I cinque brani che compongono il disco, risultano di buona fattura e si tengono alla larga dal regalare sensazioni tediose, punti cardine degli stessi brani sono: passaggi lenti e drammatici (in questo l’apporto delle tastiere si rivela fondamentale), vocals molto ispirate sia nei fraseggi Doom/Gothic oriented sia in quelli dal piglio maggiormente Black ed un mood di fondo profondamente teatrale. All’interno dei brani, trovano spazio veri e propri momenti dedicati alla disperazione ed alla sua forma più comune legata al pianto; ottima l’alternanza del cantato che alterna la lingua inglese e quella francese, così di pregevolissima fattura il lavoro operato alle chitarre. E se il trittico centrale “The Lunar Tragedy” (act 1, 2, 3) nei suoi complessivi diciotto minuti non disdegna violente puntante nel Symphonic Black, la finale “Where All Faith is Lost” è un brano che non ha nulla da invidiare alle produzioni, del genere in esame, dei primi anni 90.
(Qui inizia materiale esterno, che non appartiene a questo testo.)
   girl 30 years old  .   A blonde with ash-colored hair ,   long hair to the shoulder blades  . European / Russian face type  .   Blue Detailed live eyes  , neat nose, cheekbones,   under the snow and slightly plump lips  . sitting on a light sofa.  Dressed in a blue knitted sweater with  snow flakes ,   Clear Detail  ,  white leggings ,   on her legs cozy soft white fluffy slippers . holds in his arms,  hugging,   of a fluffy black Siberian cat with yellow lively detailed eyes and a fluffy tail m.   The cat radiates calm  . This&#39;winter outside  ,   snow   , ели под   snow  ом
Lungi dall’essere un capolavoro, “A Mass of Despair” è un lavoro più che riuscito, capace di tenere legato l’ascoltatore a sé e di donargli numerose sensazioni ombrose. Certo spesso si ha la sensazione di assistere ad un esercizio di influenze, ma la fattura d’alto rango dei brani svilisce tale critica e rende il giusto merito ad una band che non potrà che crescere, vista anche la facilità di accostamento con la triade inglese sopra citata.